Dennoch: Mit seinen Rollen in zwei der besten Bergman-Filme (und das will angesichts dessen überragender Filmographie etwas heißen!) sowie in den folgenden weiteren Bergman-Werken "Nahe dem Leben", "Das Gesicht" (beide 1958), "Die Jungfrauenquelle" (1960), "Wie in einem Spiegel" (1961) und "Licht im Winter" (1963) - sowie der Vaterrolle in der populären Kinderbuch-Adaption "Nils Holgersons wunderbare Reise" (1962) - weckte Max von Sydow unausweichlich das Interesse Hollywoods. Dort debütierte er 1965 gleich mit der Rolle des Jesus Christus im Monumentalfilm "Die größte Geschichte aller Zeiten" und obwohl er erklärtermaßen niemals ein großer Anhänger der weit weniger figurenzentrierten Arbeit jenseits des großen Teiches wurde, sollte er fortan regelmäßig in großen und kleinen Hollywood-Rollen zu sehen sein. Ganz in die USA wollte von Sydow jedoch nicht wechseln und so stehen in den 1960er Jahren und der ersten Hälfte der 1970er Jahre Hollywood-Werke wie George Roy Hills "Hawaii" (1966), Michael Andersons "Das Quiller Memorandum" (1966) oder John Hustons "Der Brief an den Kreml" (1970) neben schwedischen Filmen wie "Hier hast du dein Leben" (1966), Jan Troells für sechs OSCARs nominiertem Kino-Zweiteiler "Emigranten" (1971) und "Das neue Land" (1972) sowie Ingmar Bergmans "Die Stunde des Wolfs", "Schande" (beide 1968), "Passion" (1969) und die schwächste und letzte Zusammenarbeit der beiden schwedischen Filmgrößen, "Berührungen" (1971).

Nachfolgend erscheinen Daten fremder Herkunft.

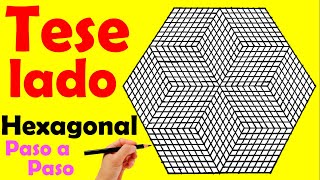 teselado hexagonal paso a paso [upl. by Ahsyekal]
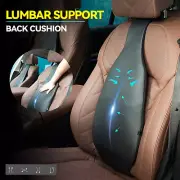 Vehicle Chair Lumbar Support Pillow PU Leather Car Cushion Lower Back Pain Seat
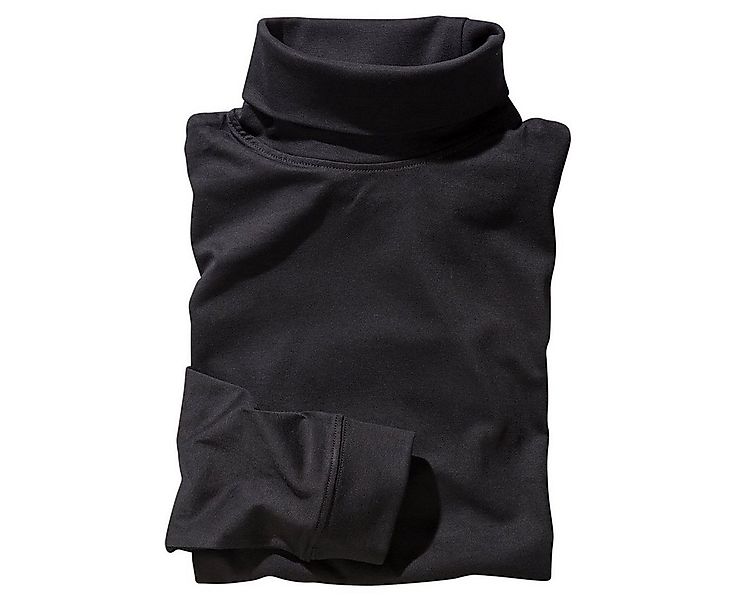 redfield Rollkragenshirt Schwarzes Redfield Rollkragen-Langarmshirt XXL günstig online kaufen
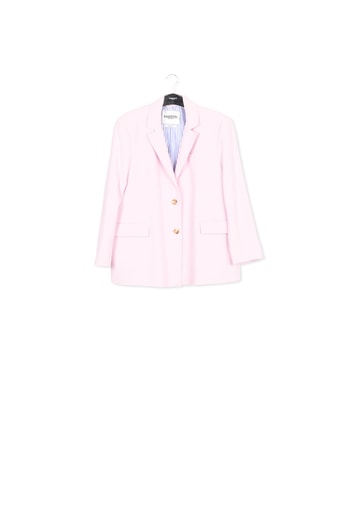 Blazer oversize en coton lilas RE—SSENTIEL seconde main photo 1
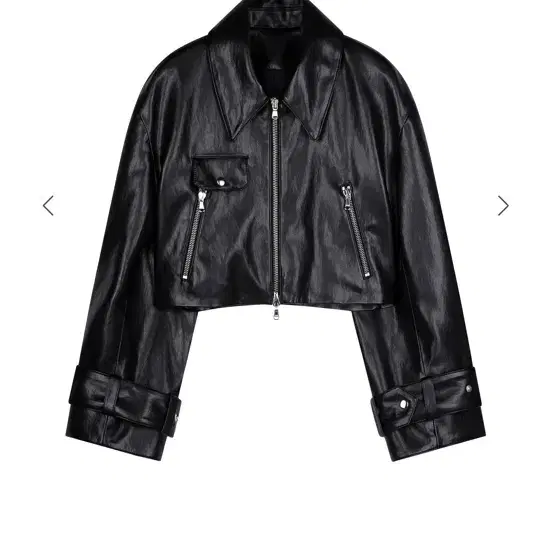 whowhatwear Cropped faux leather jacket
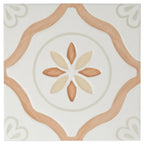 San Clemente Terracotta Petals 8.78 x 8.78 Porcelain Tile | Tile Club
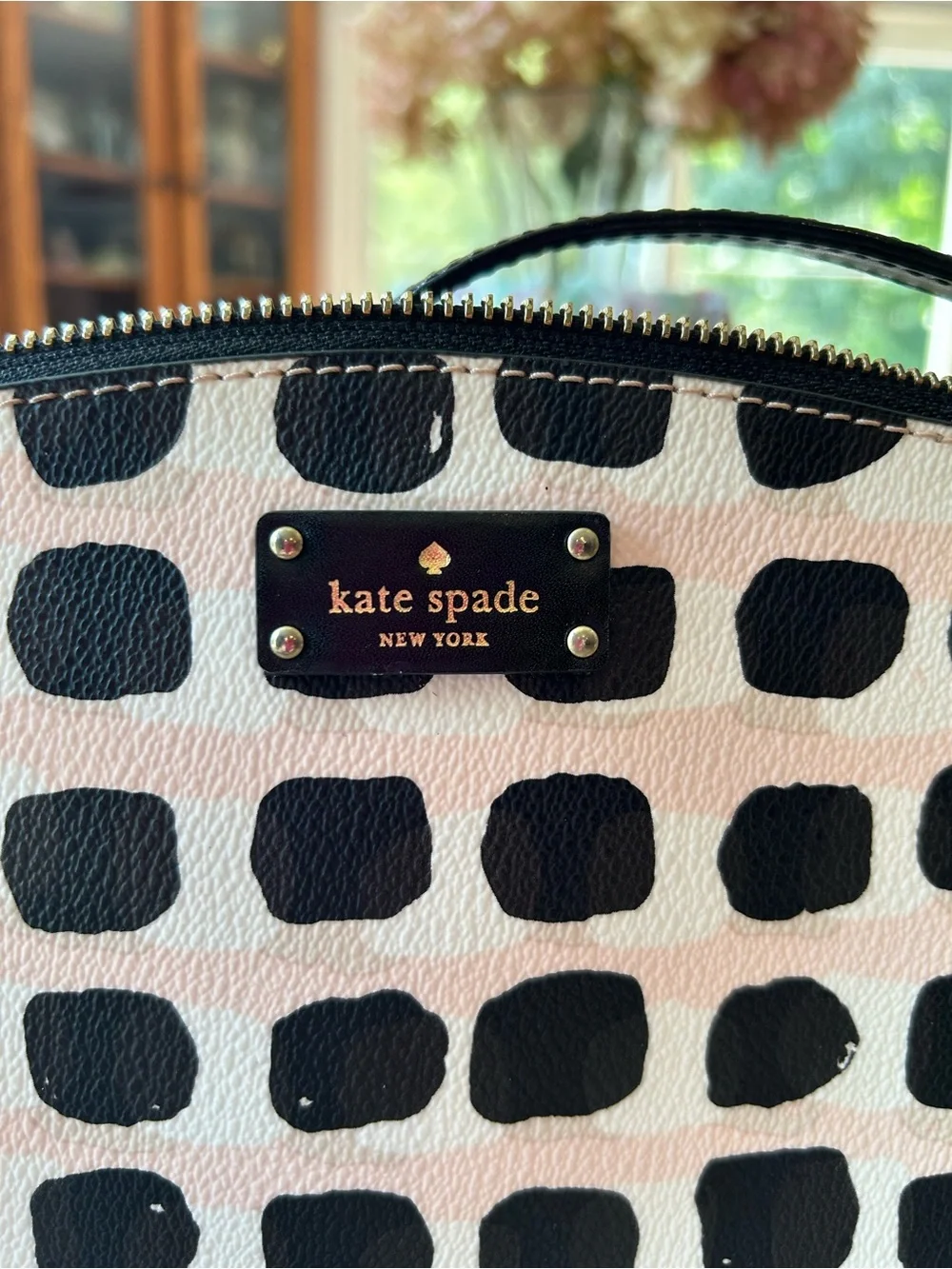 kate spade Black & Pink Graphic Dot Crossbody Bag
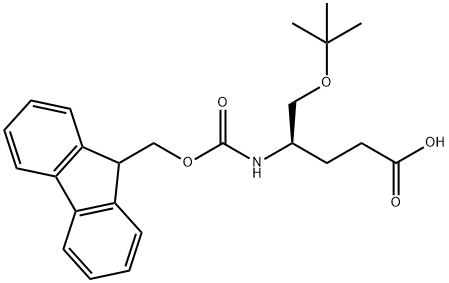 (R)-FMOC-4-AMINO-5-TERT-BUTOXY-PENTANOIC ACID Struktur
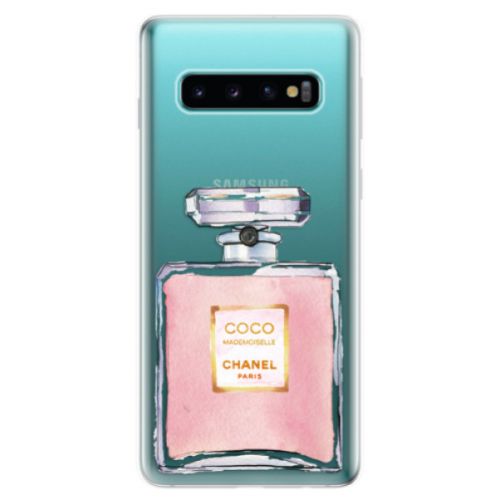 Odolné silikonové pouzdro iSaprio - Chanel Rose - Samsung Galaxy S10
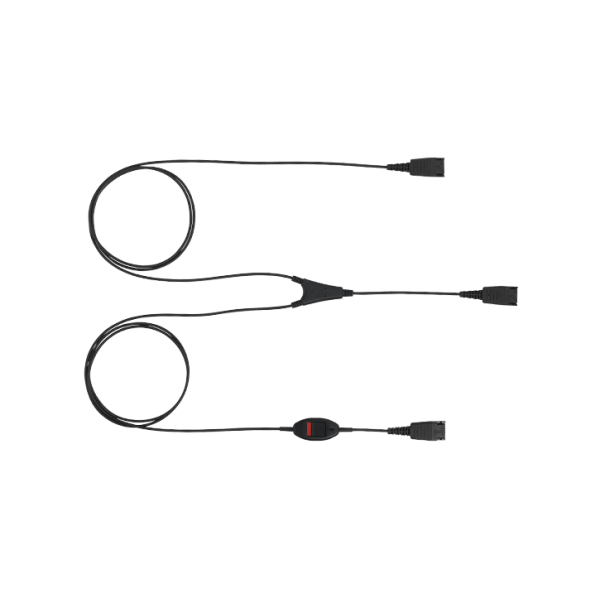 Jabra Cavo Supervisore Istruttore a Y - 1,5 m - QD - 2xQD e funzione mute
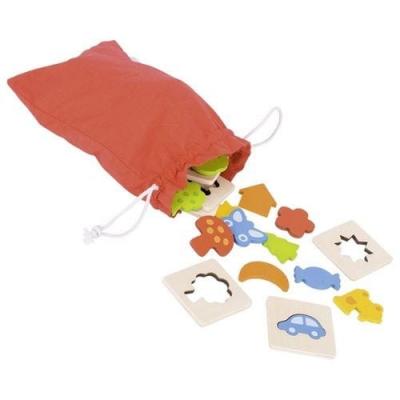 GOKI  palpar formes, jeu de m&eacute;moire en bois, 32 pi&egrave;ces (56968.0)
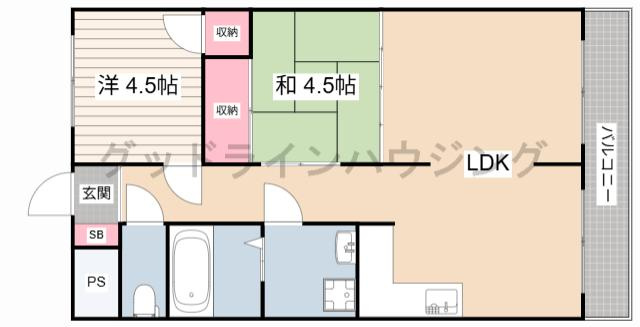 リープラス滝野社の間取り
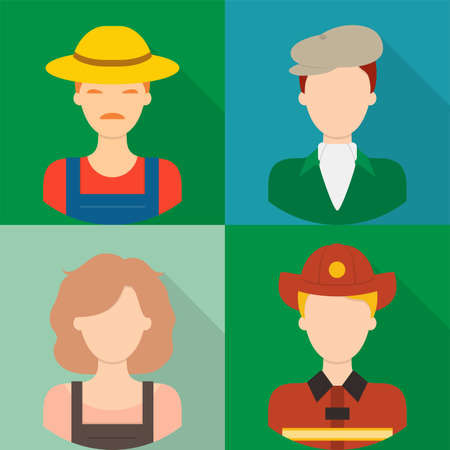 Avatar Icons Setのイラスト素材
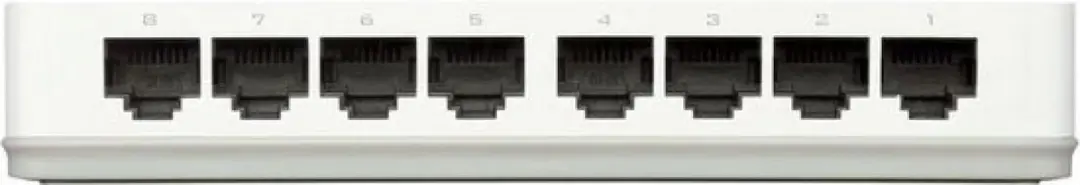 D-Link GO-SW-8E Unmanaged Netwerkswitch - Wit - afbeelding 4 van 6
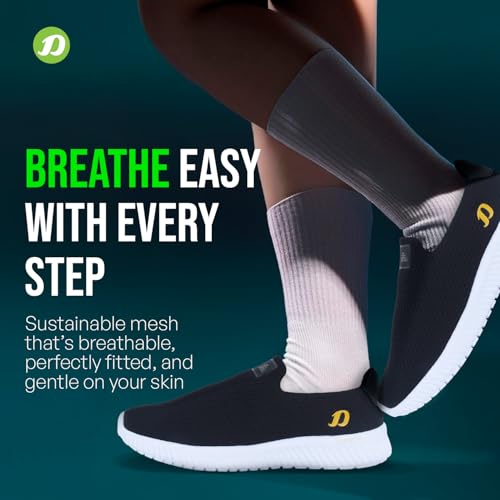 Image of DOCTOR EXTRA SOFT Memory Foam Mens Running Shoe | Sports,Gym,Training,Walking,Jogging,Casual | Lightweight & Comfortable | Loafer Sneakers Lace-Up Athletics Moccasins Slipon for Gent's & Boy's D-2002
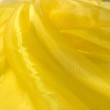 Organza Cristal - 100% Poliéster - 1,50m Largura - Amarelo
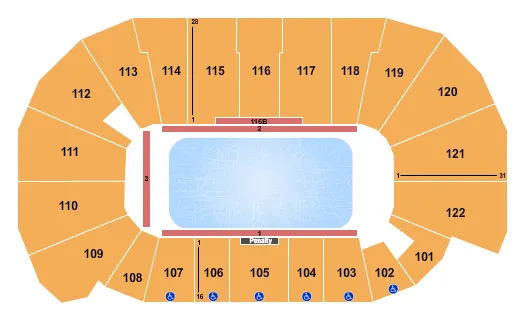 ICE RINK Seating Map Seating Chart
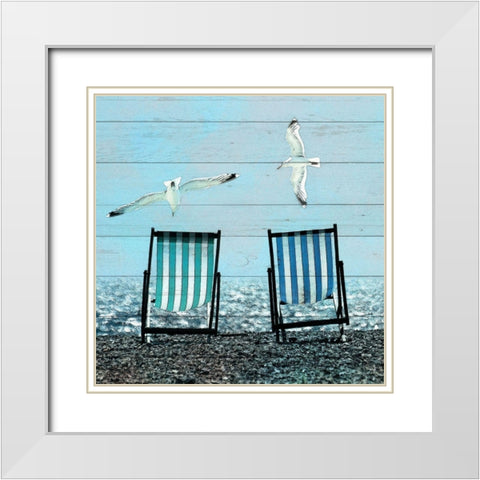Coastal Life 3 White Modern Wood Framed Art Print with Double Matting by Kimberly, Allen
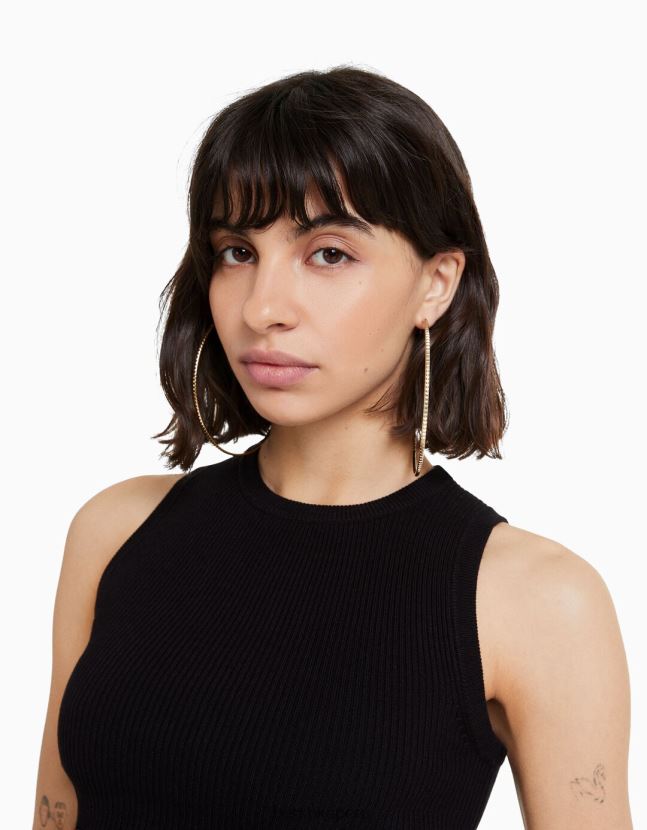 oro Bershka mujer pack de 3 aros finos 806J6B2455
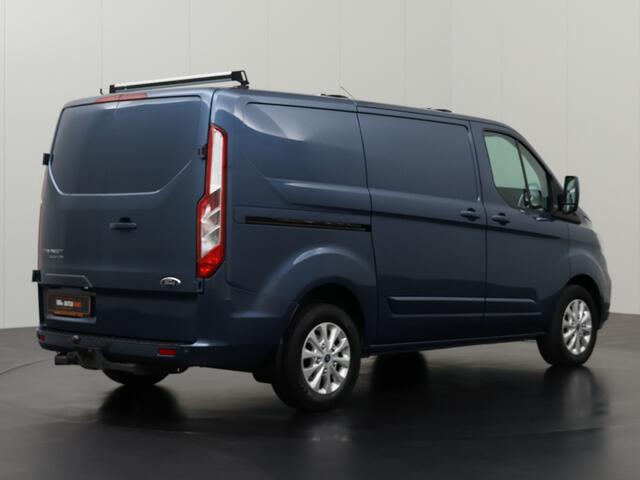 Ford TRANSIT CUSTOM 2.0TDCi 170PK Automaat Limited | Dakdraagsysteem | Navigatie | Camera | Airco | Trekhaak | Cruise | 3-Persoons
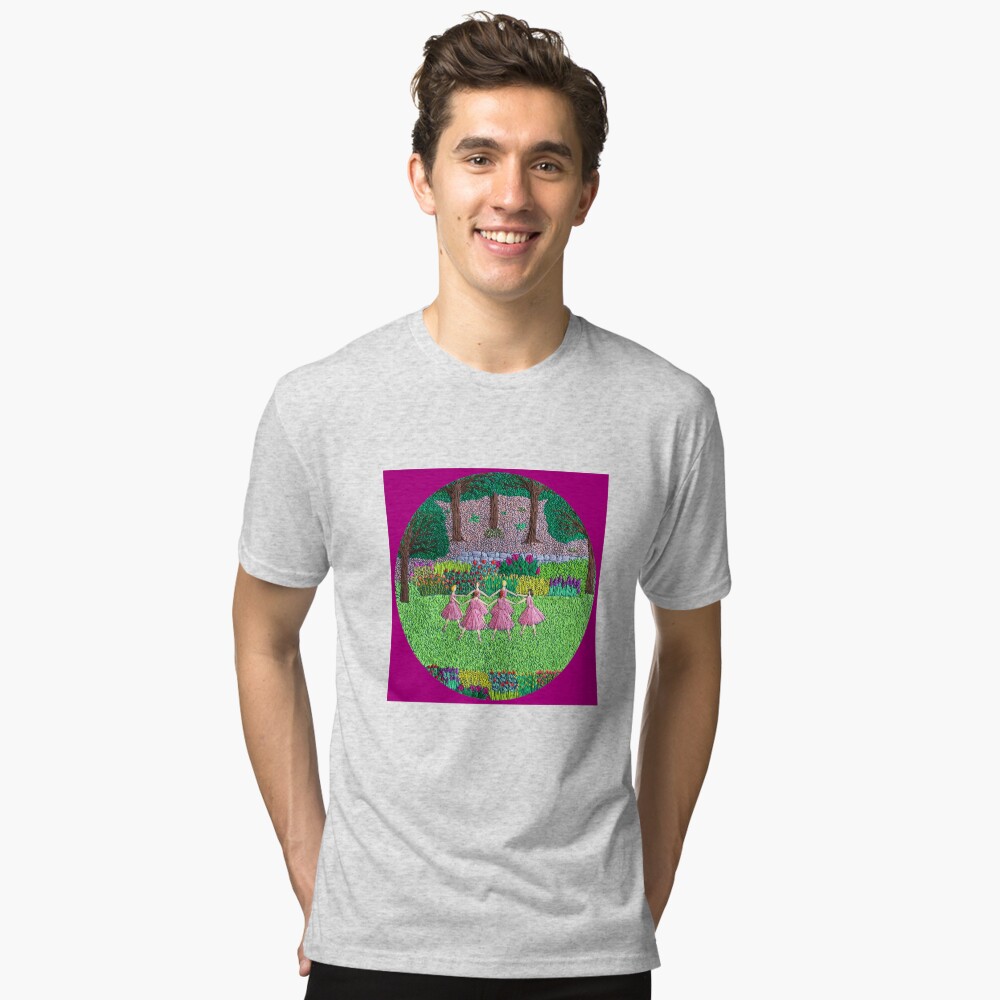 Item preview, Tri-blend T-Shirt designed and sold by SewingSongbird.
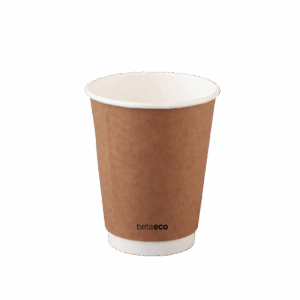 12oz Double Wall Coffee Cup - Kraft 90mm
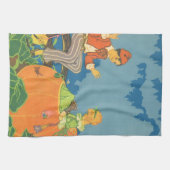 Linge De Cuisine Peter Peter Citrouille Mangeur, rime de la pépiniè (Horizontal)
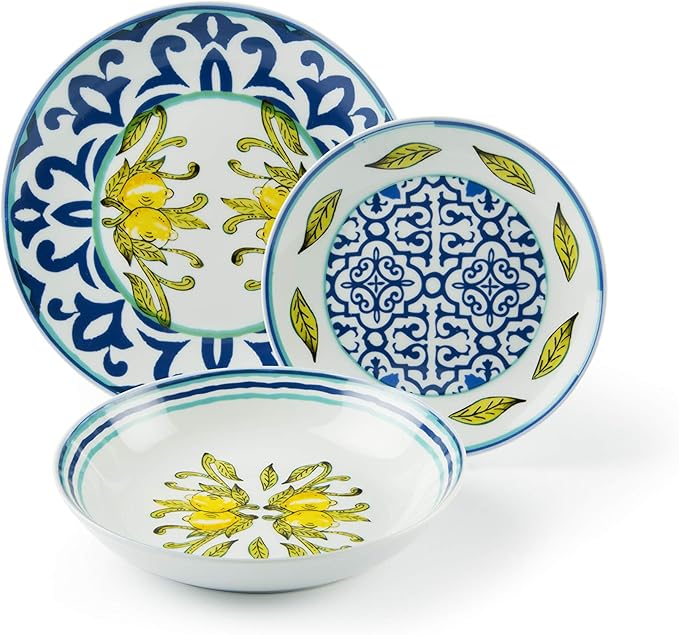Excelsa Amalfi Dinner Set 18 Pieces Porcelain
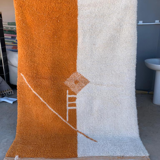 Tapis berbère coloré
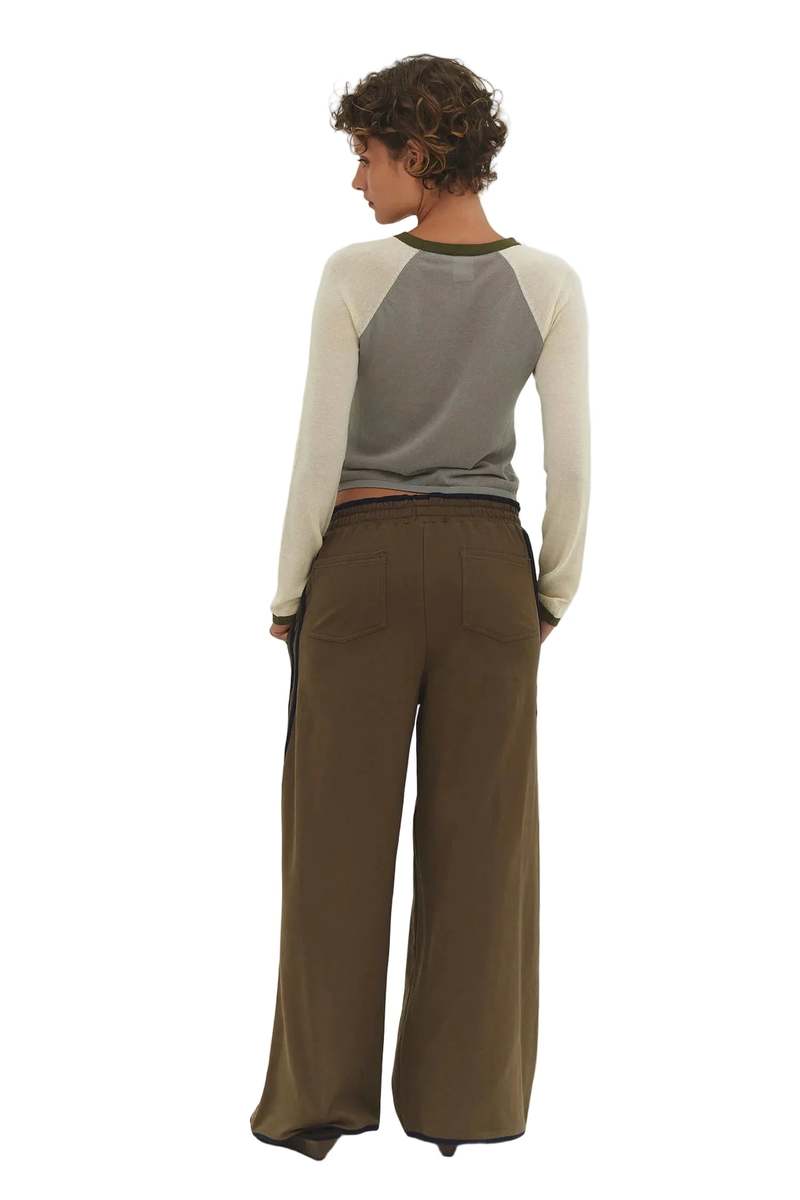 Find Me Now Mirinae Raglan Top - Matcha Mel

Ausgerechnet mit seinen beiden denkwürdigsten Hollywood-Auftritten begann kurioserweise der Abstieg Max von Sydows. Nachdem er als titelgebender Father Merrin in William Friedkins für zehn Academy Awards nominiertem (und mit zwei prämierten) Horror-Klassiker "Der Exorzist" und als Auftragskiller Joubert in Sydney Pollacks Agententhriller "Die drei Tage des Condor" agierte, hätte von Sydow eigentlich endgültig die Filmwelt zu Füßen liegen müssen - einige unglückliche Rollenentscheidungen führten jedoch im Verbund mit seinem zunehmenden Alter und dem Umzug von Los Angeles nach Rom dazu, daß er zumindest kaum noch Hauptrollen in Hollywood-Produktionen erhielt. In Neben- oder Bösewichtrollen speziell in Genrefilmen war von Sydow weiterhin gefragt; er war als skrupelloser Imperator Ming im Science Fiction-Abenteuer "Flash Gordon" (1980) zu sehen, als Kommandant eines deutschen Kriegsgefangenenlagers im Zweiten Weltkrieg in "Flucht oder Sieg" (1981), als König Osric im Fantasy-Klassiker "Conan der Barbar" (1982), als Bond-Bösewicht Blofeld in "Sag niemals nie" (1983) und als Dr. Kynes in David Lynchs "Der Wüstenplanet" (1984). Auch in einigen TV-Miniserien wie "Quo Vadis" und "Christopher Columbus" (beide 1985) wirkte er mit und arbeitete mit Autorenfilmern wie Woody Allen ("Hannah und ihre Schwestern", 1986), Lars von Trier ("Europa", 1991), Wim Wenders ("Bis ans Ende der Welt", 1991) und Bille August ("Die besten Absichten", 1992). Und 1987 wurde von Sydow sogar mit seiner überfälligen ersten OSCAR-Nominierung belohnt für seine einfühlsam interpretierte Hauptrolle als Vater der Titelfigur in Augusts "Pelle, der Eroberer".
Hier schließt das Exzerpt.